Hier soir avant d’aller me coucher, je me regarde dans le miroir. Ça non plus, ce n’est pas habituel. Je ne mets jamais beaucoup de temps à me préparer. Je suis quelqu’un qui est toujours resté simple, préférant passer plus de temps sur des choses qui me paraissent plus essentielles que mon image sociale. La seule véritable coquetterie que je m’accorde à 57 ans, c’est une coloration mensuelle. Ma gentille coiffeuse Pauline a dû fermer ses portes.
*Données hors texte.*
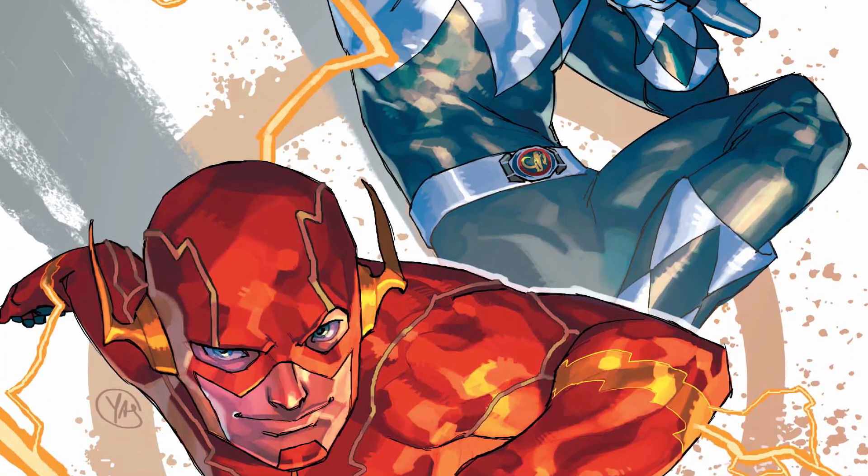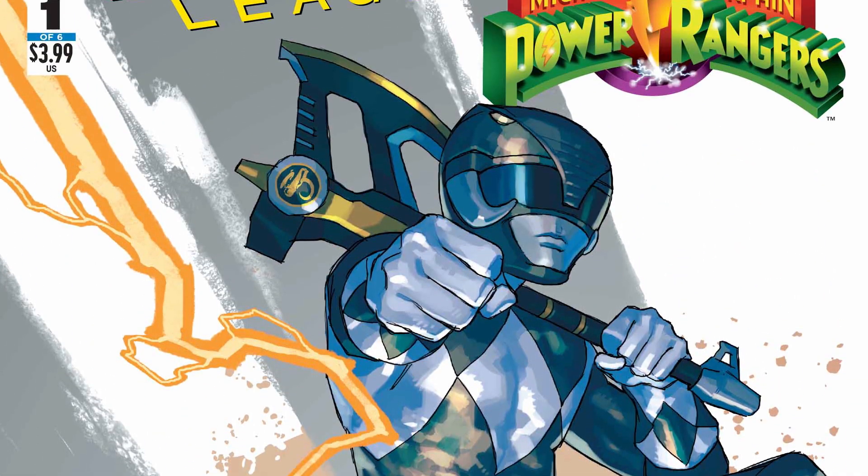The artwork is done very much in the essence of the Boom Studios Power Rangers style. Really nice to look at.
Sur son paillasson, qui attend son retour, une trainée de neige à la racine de mes cheveux.  En sortant de la salle de bain, je croise le regard d’Emilien, mon compagnon. « Tu as vu ? C’est une catastrophe ! » en lui montrant mes racines blanches. Il me prend par la main et m’invite à m’assoir sur notre lit. Il s’éclipse pour revenir avec une brosse à cheveux et pendant de longues minutes, je sens son amour glissé sur ma chevelure.


Conversation téléphonique avec ma maman, 77 ans, qui vit seule dans le sud de la France, à 5h de route de chez moi.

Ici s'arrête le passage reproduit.